### YOUR ASSIGNMENT
All the data must be output exactly as given.
⟨
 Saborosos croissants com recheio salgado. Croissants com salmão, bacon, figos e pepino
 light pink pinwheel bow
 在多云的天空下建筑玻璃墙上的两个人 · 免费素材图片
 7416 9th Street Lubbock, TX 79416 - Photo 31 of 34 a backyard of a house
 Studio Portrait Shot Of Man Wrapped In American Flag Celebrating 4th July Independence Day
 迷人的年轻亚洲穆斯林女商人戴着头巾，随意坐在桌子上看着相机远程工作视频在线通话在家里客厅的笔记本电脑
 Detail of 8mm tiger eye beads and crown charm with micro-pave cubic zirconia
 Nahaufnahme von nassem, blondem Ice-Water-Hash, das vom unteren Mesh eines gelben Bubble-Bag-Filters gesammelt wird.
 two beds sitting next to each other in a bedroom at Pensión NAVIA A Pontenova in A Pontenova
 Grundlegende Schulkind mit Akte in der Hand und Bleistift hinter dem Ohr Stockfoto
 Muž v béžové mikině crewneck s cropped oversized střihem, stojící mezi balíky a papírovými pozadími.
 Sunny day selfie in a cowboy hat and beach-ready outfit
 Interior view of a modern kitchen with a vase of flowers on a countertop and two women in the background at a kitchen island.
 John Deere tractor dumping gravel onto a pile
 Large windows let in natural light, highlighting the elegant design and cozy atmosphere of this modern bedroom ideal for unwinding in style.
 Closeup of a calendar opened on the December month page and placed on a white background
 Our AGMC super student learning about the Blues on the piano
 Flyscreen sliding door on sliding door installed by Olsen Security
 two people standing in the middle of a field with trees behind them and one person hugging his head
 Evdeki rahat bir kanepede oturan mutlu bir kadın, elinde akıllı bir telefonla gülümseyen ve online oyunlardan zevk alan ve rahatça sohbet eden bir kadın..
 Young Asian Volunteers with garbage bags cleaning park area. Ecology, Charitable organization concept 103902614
⟩
### REPLY TO THE TASK
 Saborosos croissants com recheio salgado. Croissants com salmão, bacon, figos e pepino
 light pink pinwheel bow
 在多云的天空下建筑玻璃墙上的两个人 · 免费素材图片
 7416 9th Street Lubbock, TX 79416 - Photo 31 of 34 a backyard of a house
 Studio Portrait Shot Of Man Wrapped In American Flag Celebrating 4th July Independence Day
 迷人的年轻亚洲穆斯林女商人戴着头巾，随意坐在桌子上看着相机远程工作视频在线通话在家里客厅的笔记本电脑
 Detail of 8mm tiger eye beads and crown charm with micro-pave cubic zirconia
 Nahaufnahme von nassem, blondem Ice-Water-Hash, das vom unteren Mesh eines gelben Bubble-Bag-Filters gesammelt wird.
 two beds sitting next to each other in a bedroom at Pensión NAVIA A Pontenova in A Pontenova
 Grundlegende Schulkind mit Akte in der Hand und Bleistift hinter dem Ohr Stockfoto
 Muž v béžové mikině crewneck s cropped oversized střihem, stojící mezi balíky a papírovými pozadími.
 Sunny day selfie in a cowboy hat and beach-ready outfit
 Interior view of a modern kitchen with a vase of flowers on a countertop and two women in the background at a kitchen island.
 John Deere tractor dumping gravel onto a pile
 Large windows let in natural light, highlighting the elegant design and cozy atmosphere of this modern bedroom ideal for unwinding in style.
 Closeup of a calendar opened on the December month page and placed on a white background
 Our AGMC super student learning about the Blues on the piano
 Flyscreen sliding door on sliding door installed by Olsen Security
 two people standing in the middle of a field with trees behind them and one person hugging his head
 Evdeki rahat bir kanepede oturan mutlu bir kadın, elinde akıllı bir telefonla gülümseyen ve online oyunlardan zevk alan ve rahatça sohbet eden bir kadın..
 Young Asian Volunteers with garbage bags cleaning park area. Ecology, Charitable organization concept 103902614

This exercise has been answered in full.